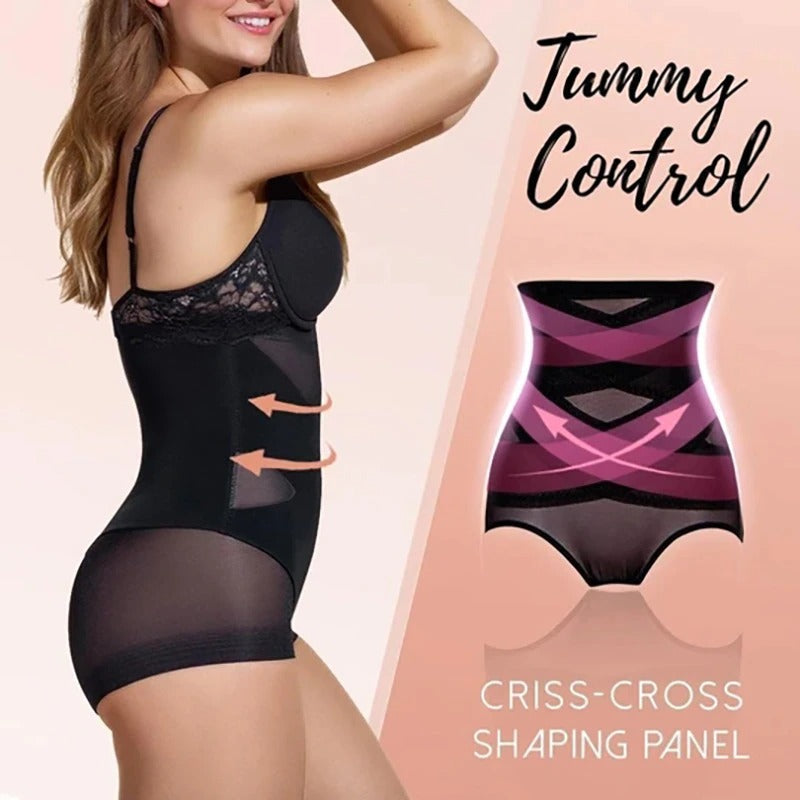 Malena -Magic Tummy Control Shapewear mit hoher Taille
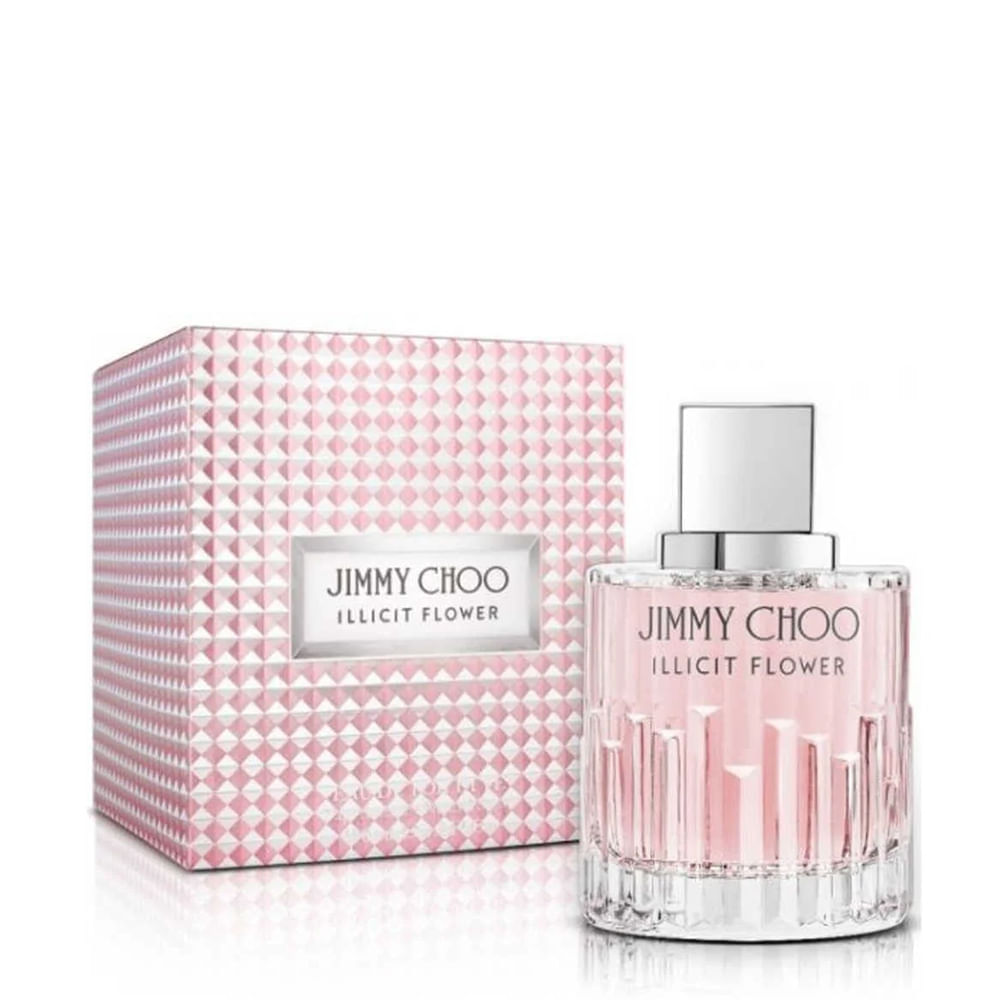 Perfume Feminino Illicit Flower Jimmy Choo  Eau de Toilette 100ml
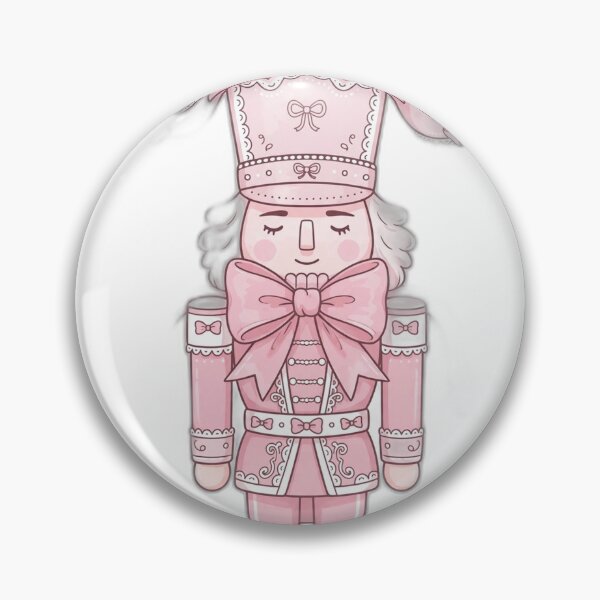 Item preview, Pink Nutcracker Shirt – Girly Christmas Holiday Tee designed and sold by KERK Art and Design.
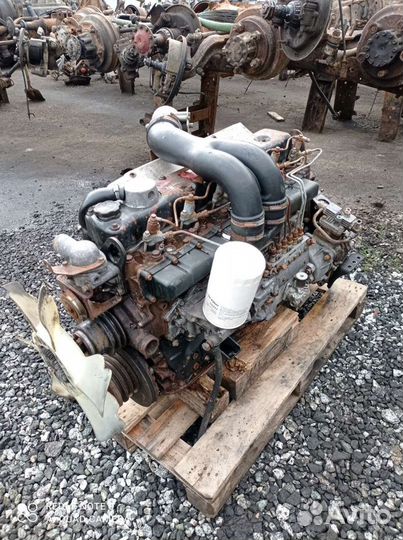 Шкив коленвала двс 6D16, Митсубиси Фусо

━━━━

## Problem description
The finished answer is an exact repetition of the listing, with every picture removed.

## Solution to this task
 Malena -Magic Tummy Control Shapewear mit hoher Taille
 Perfume Feminino Illicit Flower Jimmy Choo  Eau de Toilette 100ml
 Item preview, Pink Nutcracker Shirt – Girly Christmas Holiday Tee designed and sold by KERK Art and Design.
 Шкив коленвала двс 6D16, Митсубиси Фусо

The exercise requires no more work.